EXERCISE OBJECTIVE >> Output all the entries word for word. Omit the pictures.

EXCERPTED RECORDS >>
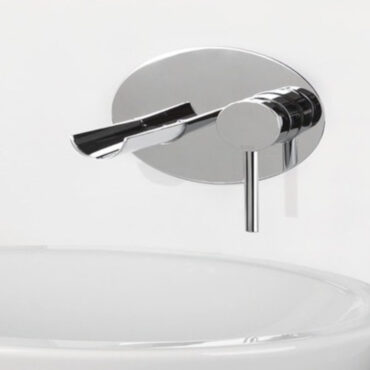 miscelatore per lavabo a muro su piastra bellosta funtanin joystick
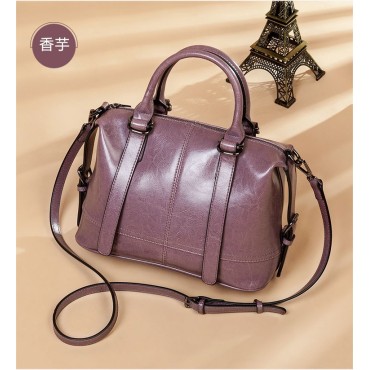 Eldora Genuine Cow Leather Shoulder Bag Pink 77247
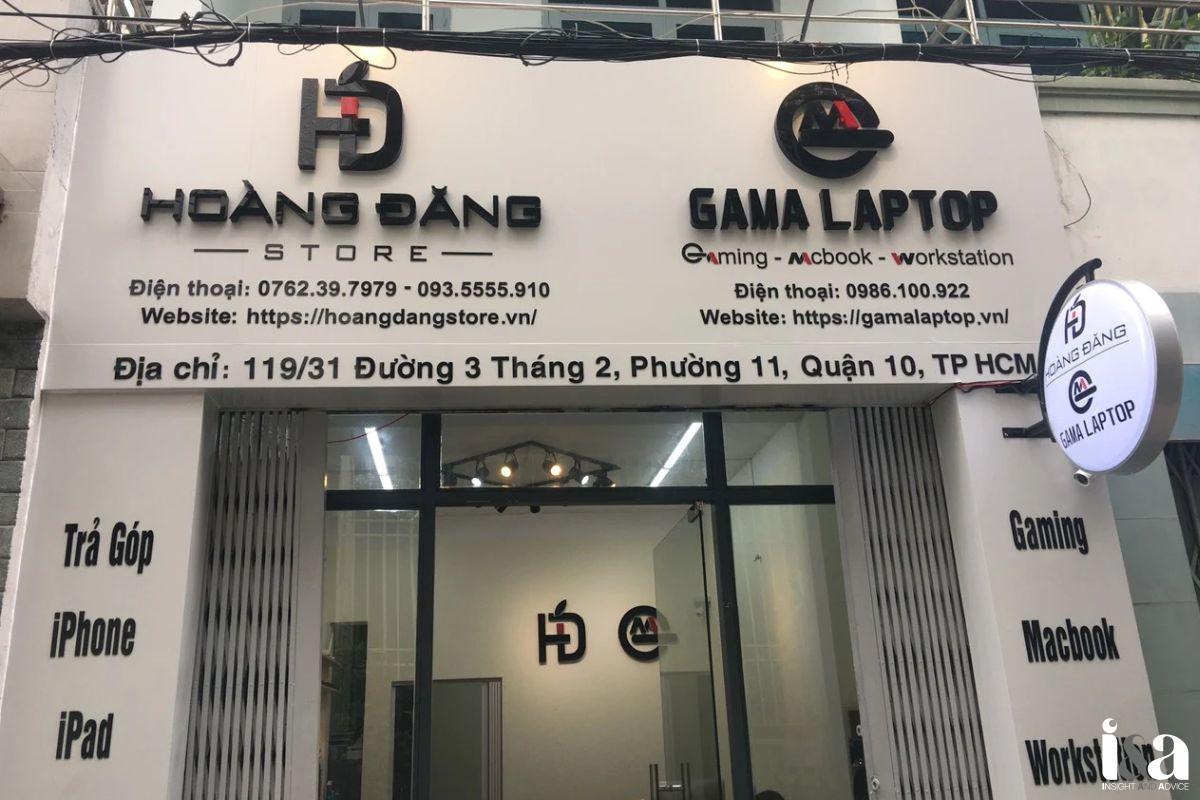 Mặt tiền của shop GaMa Laptop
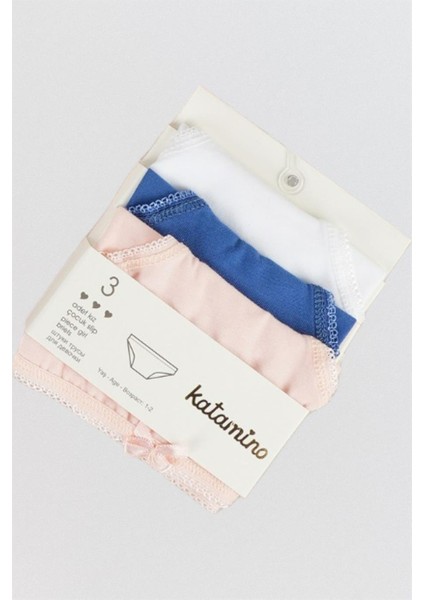 Kız Çocuk Pamuklu 3'lü Slip Set K128375 Mavi fırsatları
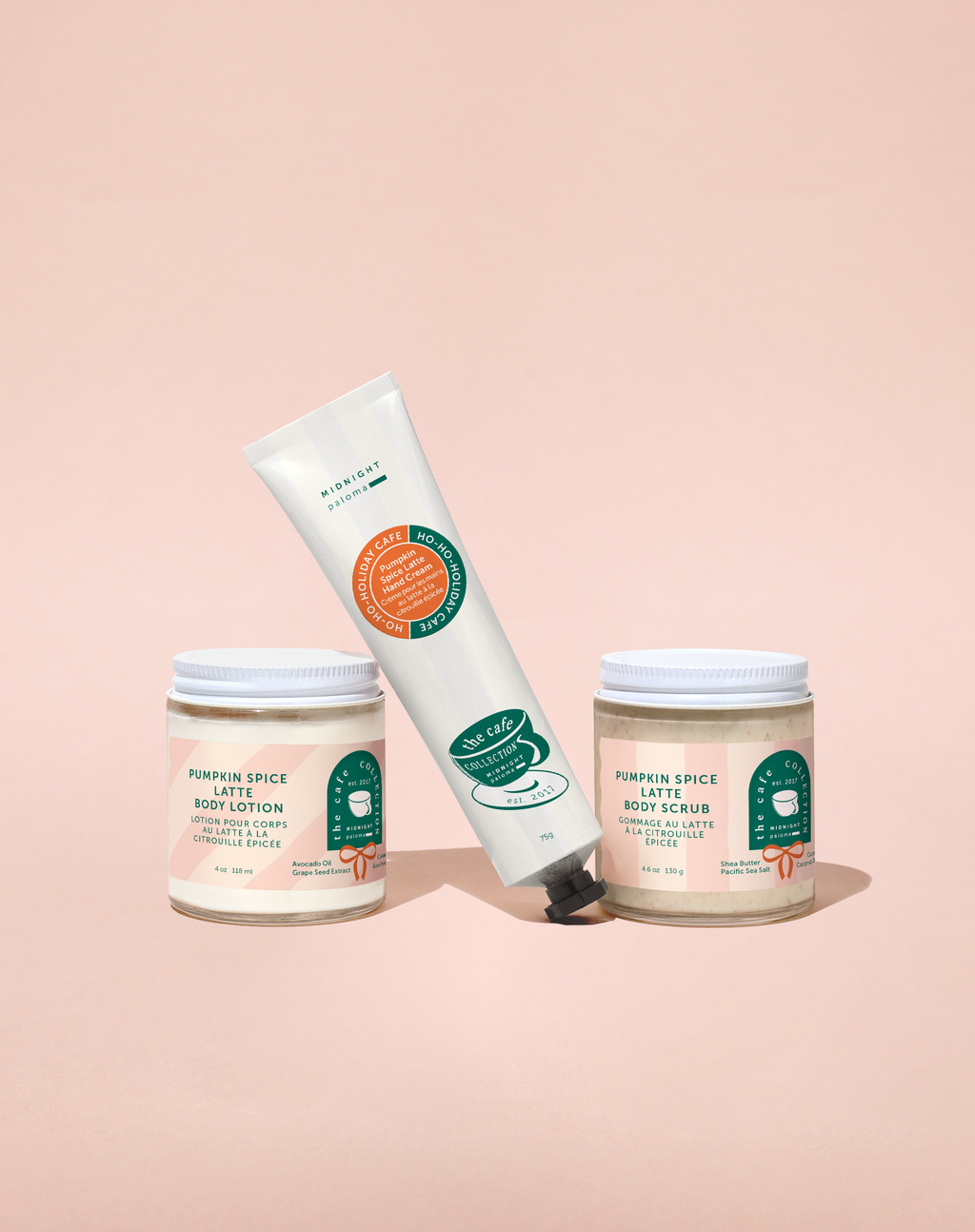 Midnight Paloma Pumpkin Spice Latte Gift Set - Body Lotion, Body Scrub & Hand Cream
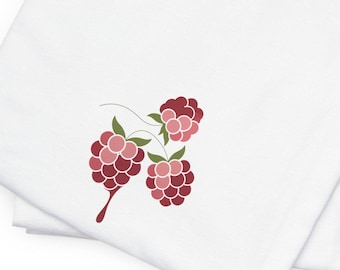 Trio-T-shirt Raspberry Cluster Red Fruit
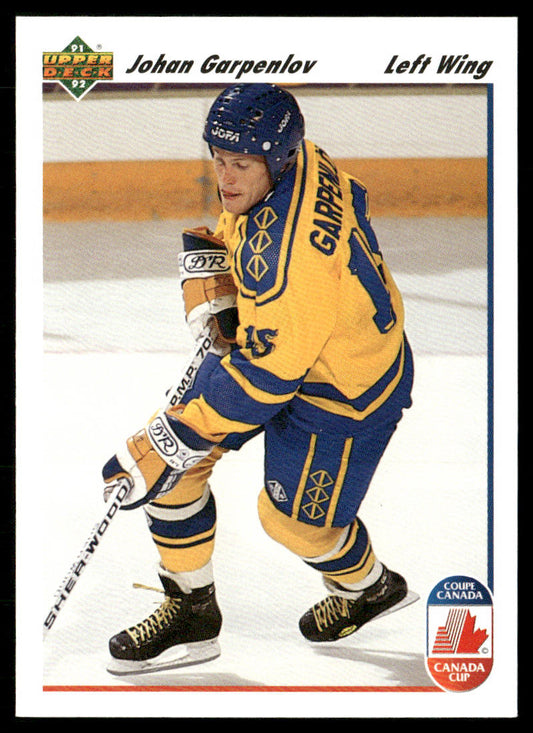 Johan Garpenlov 1991-92 Upper Deck #28b Sweden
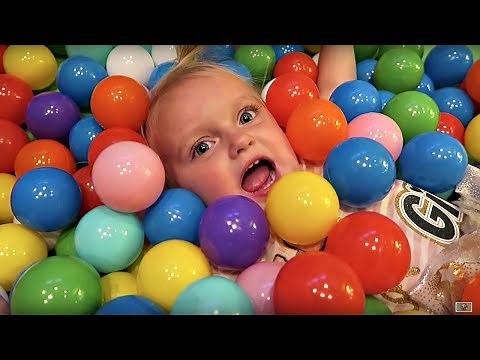 BABY IN A BALL PIT!!!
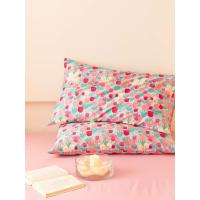 ราคา ปลอกหมอนผ้าฝ้ายแท้ลายดอกทิวลิปสีแดงลายกระต่ายชุดละคู่ปลอกหมอนผ้าฝ้ายแท้100สำหรับคนเดียวปลอกหมอนชิ้นเดียว48x74ซม (20503437331)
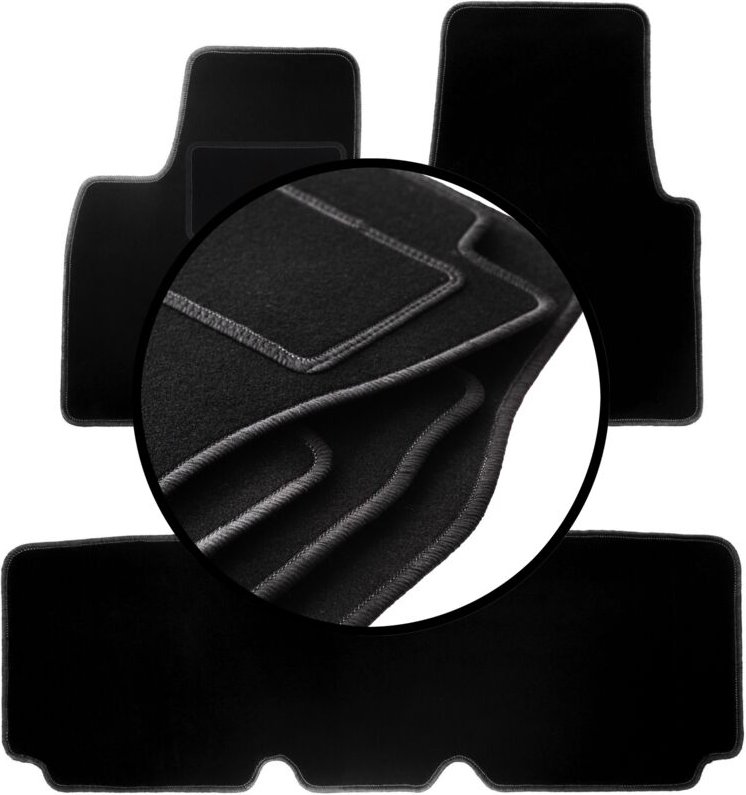 Komplettset Veloursmatten für: Tesla SI Limousine (2012-2016)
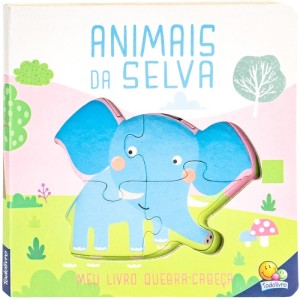 MEU LIVRO QUEBRA-CABEÇA ANIMAIS DA SELVA TODOLIVRO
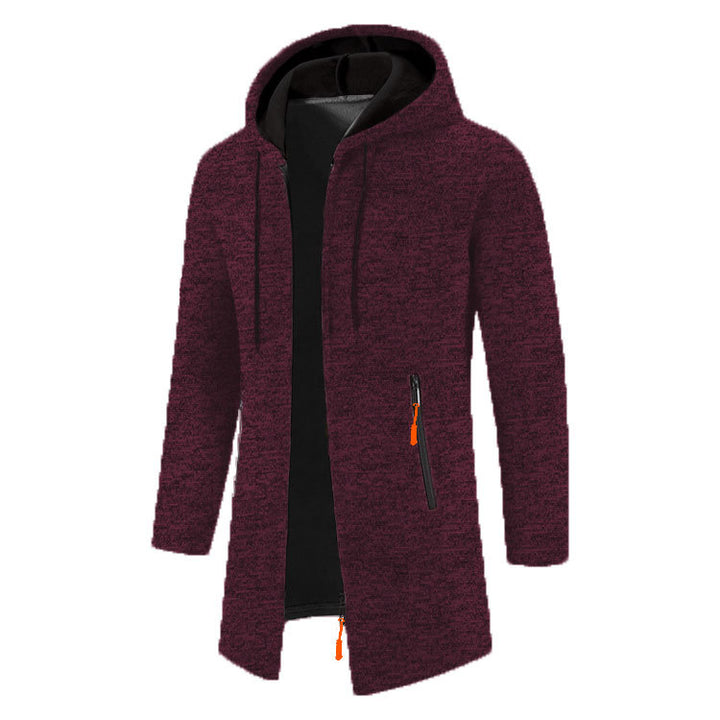 Casual hooded jacket for men with ergonomic cut and practical zippered pockets Lune London
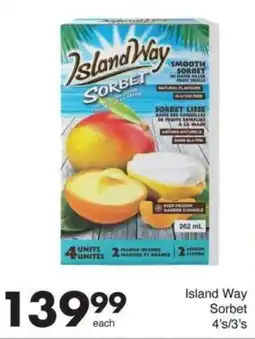Save Island Way Sorbet offer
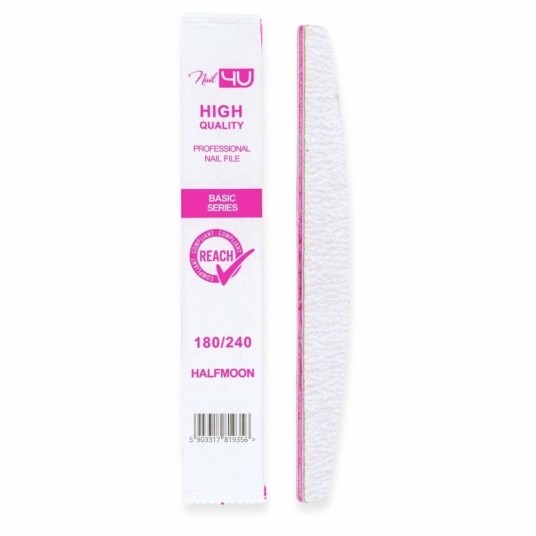 Pilnik Nail4u Basic łódka bezpieczny pakiet 180/240 -zdjęcie numer 3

RESULT >>
 miscelatore per lavabo a muro su piastra bellosta funtanin joystick
 Eldora Genuine Cow Leather Shoulder Bag Pink 77247
 Mặt tiền của shop GaMa Laptop
 Kız Çocuk Pamuklu 3'lü Slip Set K128375 Mavi fırsatları
 Midnight Paloma Pumpkin Spice Latte Gift Set - Body Lotion, Body Scrub & Hand Cream
 Trio-T-shirt Raspberry Cluster Red Fruit
 Johan Garpenlov 1991-92 Upper Deck #28b Sweden
 BABY IN A BALL PIT!!!
 ราคา ปลอกหมอนผ้าฝ้ายแท้ลายดอกทิวลิปสีแดงลายกระต่ายชุดละคู่ปลอกหมอนผ้าฝ้ายแท้100สำหรับคนเดียวปลอกหมอนชิ้นเดียว48x74ซม (20503437331)
 Komplettset Veloursmatten für: Tesla SI Limousine (2012-2016)
 MEU LIVRO QUEBRA-CABEÇA ANIMAIS DA SELVA TODOLIVRO
 Casual hooded jacket for men with ergonomic cut and practical zippered pockets Lune London
Save Island Way Sorbet offer
 Pilnik Nail4u Basic łódka bezpieczny pakiet 180/240 -zdjęcie numer 3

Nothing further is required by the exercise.